Rohypnol is a powerful sedative used to treat insomnia. It has never been approved for use in the US, but is available in Europe on prescription. High doses can cause amnesia for up to 24 hours.
The tablets, known as "roofies", have no taste or smell when dissolved in water. Worldwide, thousands of women believe they have been raped after someone slipped Rohypnol into their drink. Hoffmann-La Roche, which makes the drug, has reformulated its tablets so that they turn drinks blue, but illicit tablets are still available on the black market.
Rohypnol belongs to a class of sedatives called benzodiazepines, which includes Valium. But it is 10 times as potent as other drugs in the class, and so is used in much smaller quantities, making it very difficult to detect. Existing antibody tests, developed for other benzodiazepines, often miss Rohypnol.
Kieran Walshe and his colleagues at University College Dublin have developed a more sensitive test. Working with a team at Trinity College, also in Dublin, they obtained antibodies to the major metabolite of Rohypnol, 7-aminoflunitrazepam. They also bound the metabolite to an enzyme that catalyses a reaction that causes a colour change.

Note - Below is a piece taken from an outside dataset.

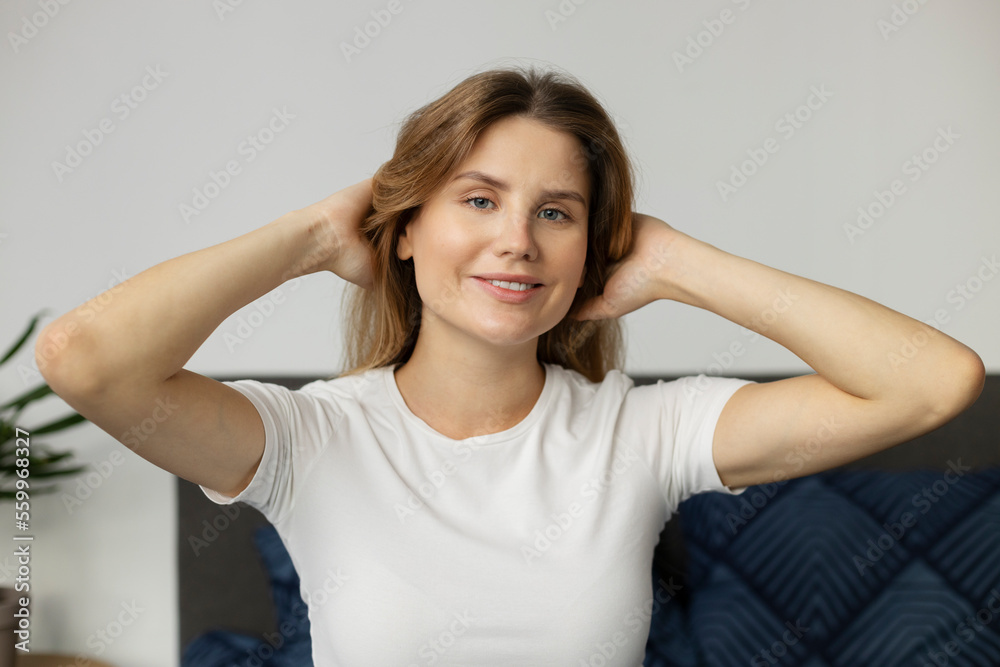 Portrait of smiling woman looking at camera with happy smile and touching her healthy hair. Beautiful female with long hair enjoying quality of her hair at home. Beauty concept Portrait of smiling woman looking at camera with happy smile and touching her healthy hair. Beautiful female with long hair enjoying quality of her hair at home. Beauty concept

For the test, the antibodies are fixed to a solid support and exposed to a urine sample mixed with the enzyme-linked 7-aminoflunitrazepam. Any metabolite present in the urine competes with the enzyme-metabolite complex, preventing it binding to the antibodies. The more metabolite there is in the sample, the less enzyme binds to the antibodies, and the weaker the colour produced. "We also pick up other metabolites and unmetabolised Rohypnol," says Walshe.